HANNOVER, Germany; January 16, 2008 – Almost all the space for exhibiting handcrafted carpets at the annual Domotex trade show in Hannover (January 12 – 15) is devoted to woven rugs.
But at one stand, an Italian textile design house is displaying something one rarely sees at carpet shows. It is a roughly-textured felt mat as big as a sheet and its surface is brightly painted with an abstract design. The look is similar to a painting in a modern art gallery.
Even the Italian textile house 'Weave,' which produced the felt is not sure whether it is a wall-hanging or a carpet. But the Turin-based group is confident it can find a place in the market for home furnishings.
The inspiration for the product came during a trip to Nepal. While visiting a cooperative development project, one of the company’s owners was struck by some small felt purses being made for tourists.
But when the Italians asked the felt workers to try making a large felt carpet using local designs the results were unsatisfactory. So, instead of trying to recreate traditional motifs from Nepal, the Italian company asked the local producers to just make 60 large white felt carpets instead.
“We decided to make plain felt, plain white, and then bring them over to Italy and get an artist to paint on them. And from there we have had a very good feedback,” says Amanda Smythe, who is one of Weave’s representatives.
The positive feedback includes a nomination at Domotex for the carpet with the best modern design – an astonishing feat considering the low-esteem in which felt is held by most carpet connoisseurs. In the end, the felt creation did not win the prize but the company plans to go ahead with preparing more felt pieces.
In most of the world, felt is still used for inexpensive cushioning in packing cases, or for inexpensive – but itchy -- blankets and jackets, or simply as floor pads to protect more expensive woven carpets.
But where felt is still used as artwork, it has a long tradition.
In Central Asia, felt carpets are still placed on the floor of a yurt, where the thick wool helps insulate the tent from the cold ground beneath.
In Iran, too, felt was once the preserve of originally nomadic Central Asian groups like the Turkmen. Over time it also moved into homes, where room-sized pieces were used as floor covering to fill the gaps between more cherished woven carpets. But today, felt making is almost a lost skill and Iranian carpet shops barely stock it.
Still, pieces of new Iranian felt occasionally show up at Western carpet shows. That is thanks to periodic efforts by dealers to rescue what is almost a dying art.
Abolfazi Ramezani, who is based in London, displays several felt carpets that he has commissioned with contemporary patterns that resemble colorful, abstract paintings. But unlike the Italian-designed felts, the colorful designs are not painted on. Instead, they are applied in the traditional, back-breaking way, which is by kneading pieces of colored felt into a larger felt background.

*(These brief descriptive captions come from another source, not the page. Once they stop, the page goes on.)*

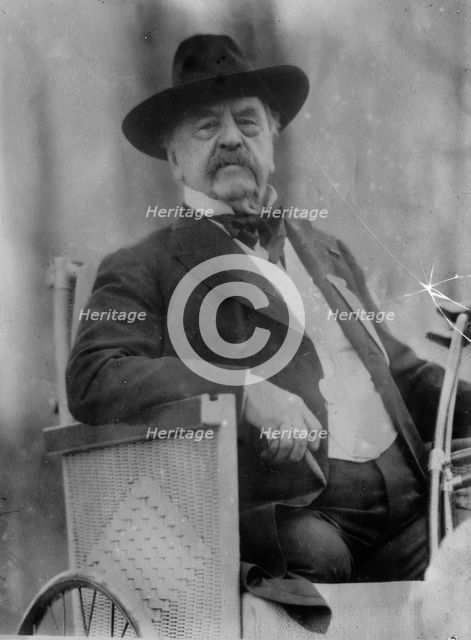 Gen. Dan. Sickles in wheelchair, 1912. Creator: Bain News Service.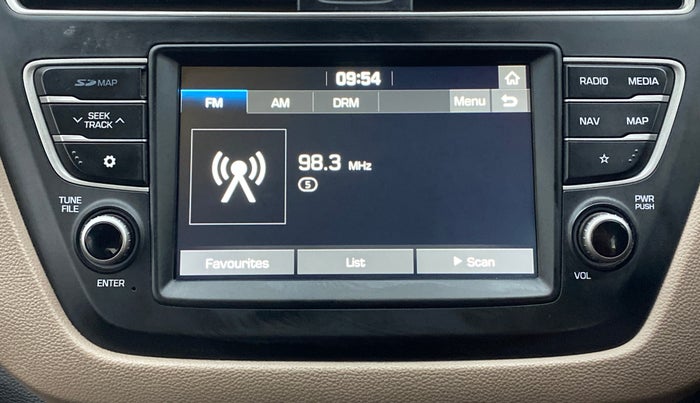 2019 Hyundai Elite i20 1.2 SPORTS PLUS VTVT, Petrol, Manual, 37,168 km, Infotainment System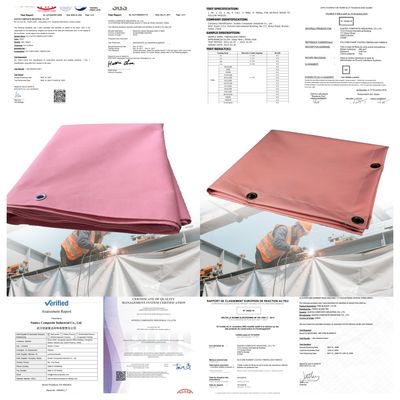 100% Fiberglass Welding Blanket - 550°C Heat Resistant & Acrylic Coated Fire Blanket for Industrial Safety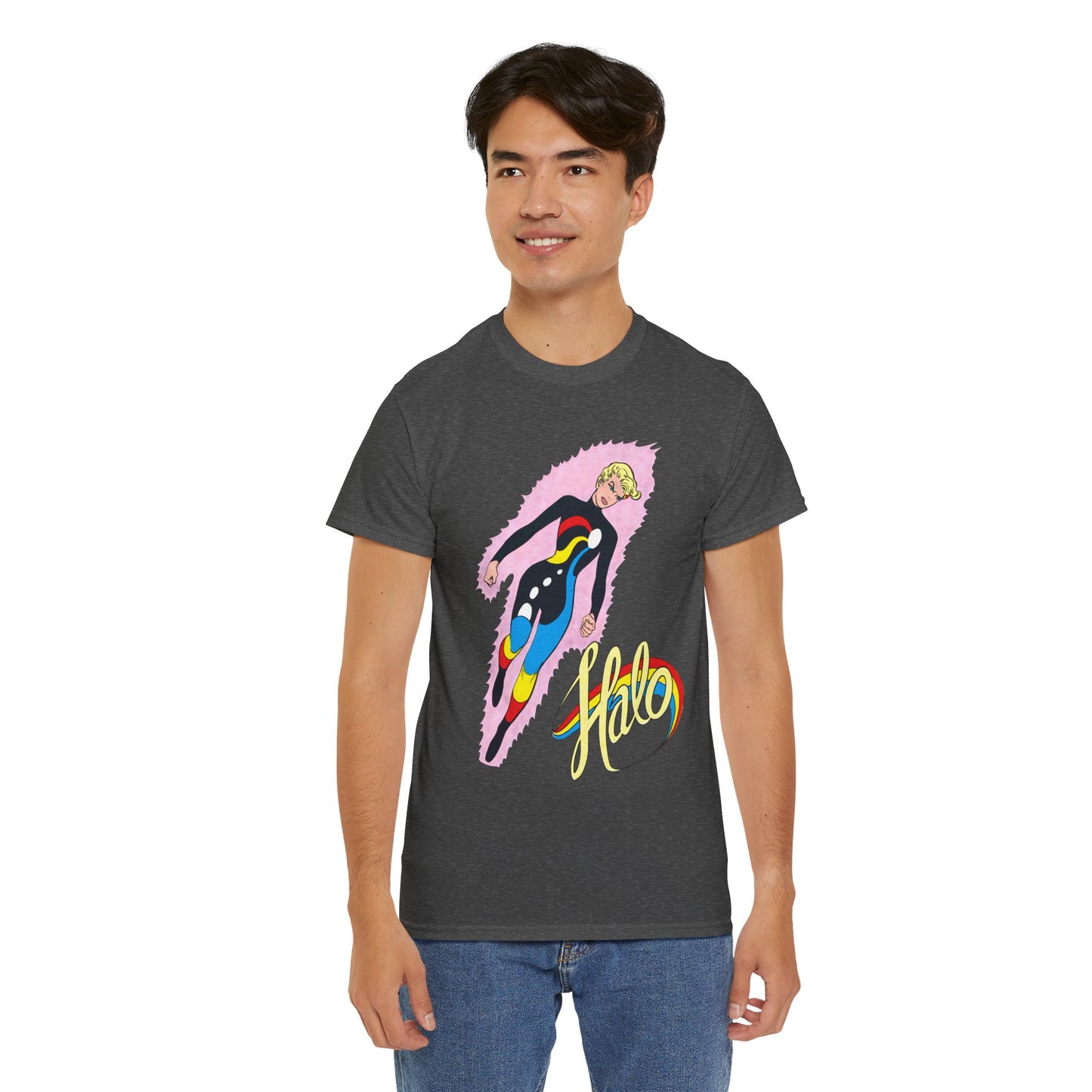 Halo T-Shirt - Jim Aparo Art - Batman & the Outsiders Team Member - DC Comics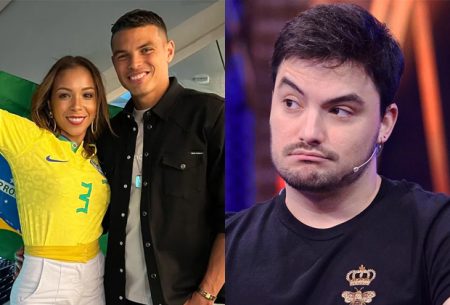 Esposa de Tiago Silva perde a paciência com Felipe Neto, rasga o verbo e leva resposta do famoso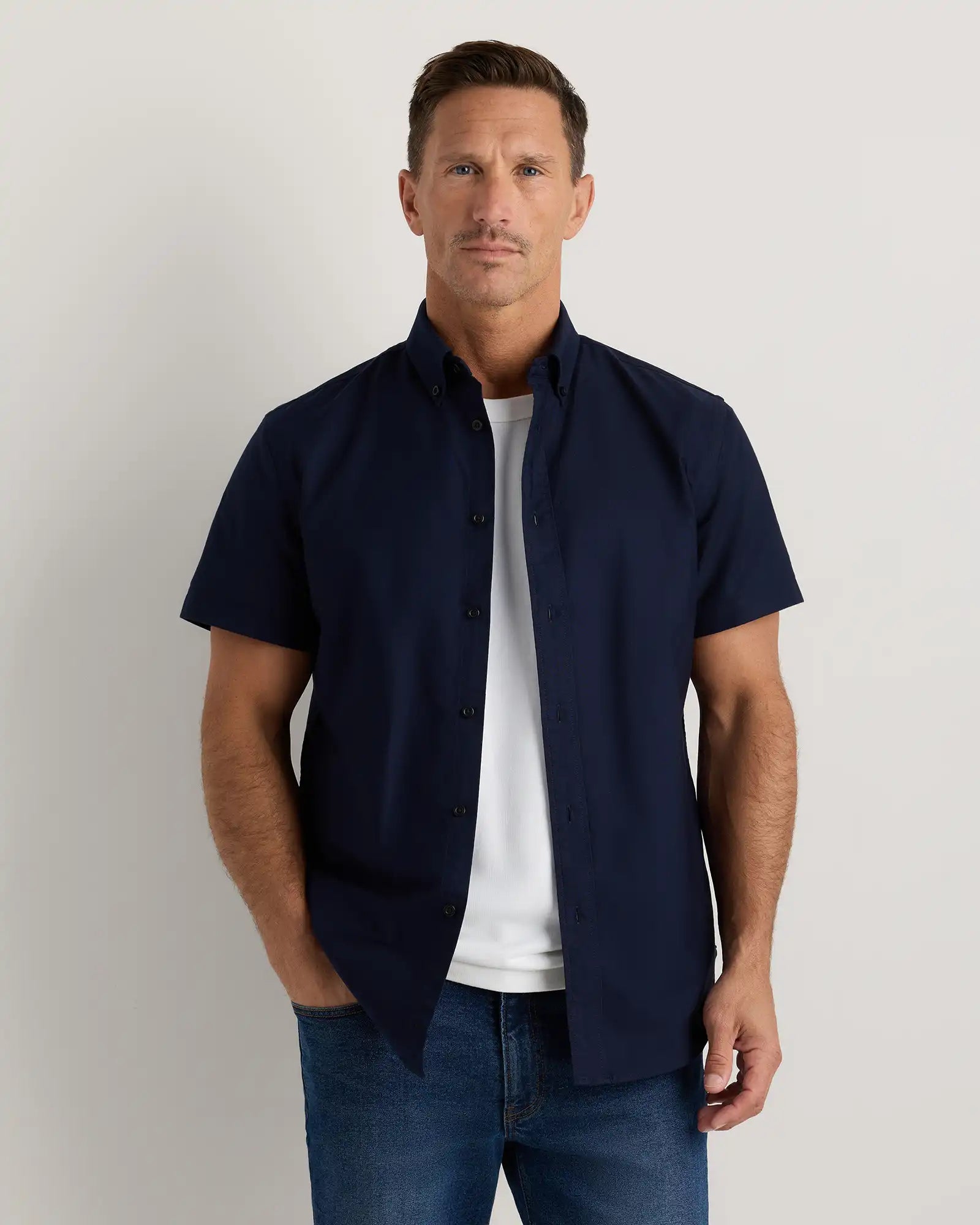 100% Organic Cotton Short Sleeve Oxford Shirt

Ramezani describes what the traditional process entails: “It is very hard work to get the wool to this density. They heat up the wool with very hot water and then, with their elbows, they go on and on and on to make them harder, and harder, and harder, and then they lay the design on top of that and they put hot water on it and they carry on rolling them, over and over again until the design actually gets stuck under the plain wool.”
Ramezani says dealers from Japan and Spain seem to particularly like the felt pieces, because “they are different than any other oriental carpet you see.”
One reason the felt-made carpets are striking is that they usually have different designs applied to the front and back. And the prices are affordable. At wholesale, they range from 70 to 130 euros per square meter – which is at the low end of handmade carpet prices.
Can the market for felt carpets grow larger?
The answer lies in part with Western retailers who, for now, seem barely acquainted with the art form. But it also depends on whether felt producers will continue to make such a labor-intensive product once the standard of living in their home countries rises.
And, says Ramizani, there is still one more player to consider, one that is neither a producer nor a buyer – though it certainly is a consumer.
That player is the humble moth.
“I have been told the moth has a special interest in this quality and they immediately start eating up the wool,” says Ramezani.
He notes that old felt pieces from Iran show considerable moth damage – attesting to their attraction for one of mankind’s most faithful house companions. Making felt less tasty could be one of the first challenges for anyone seriously trying to broaden the market.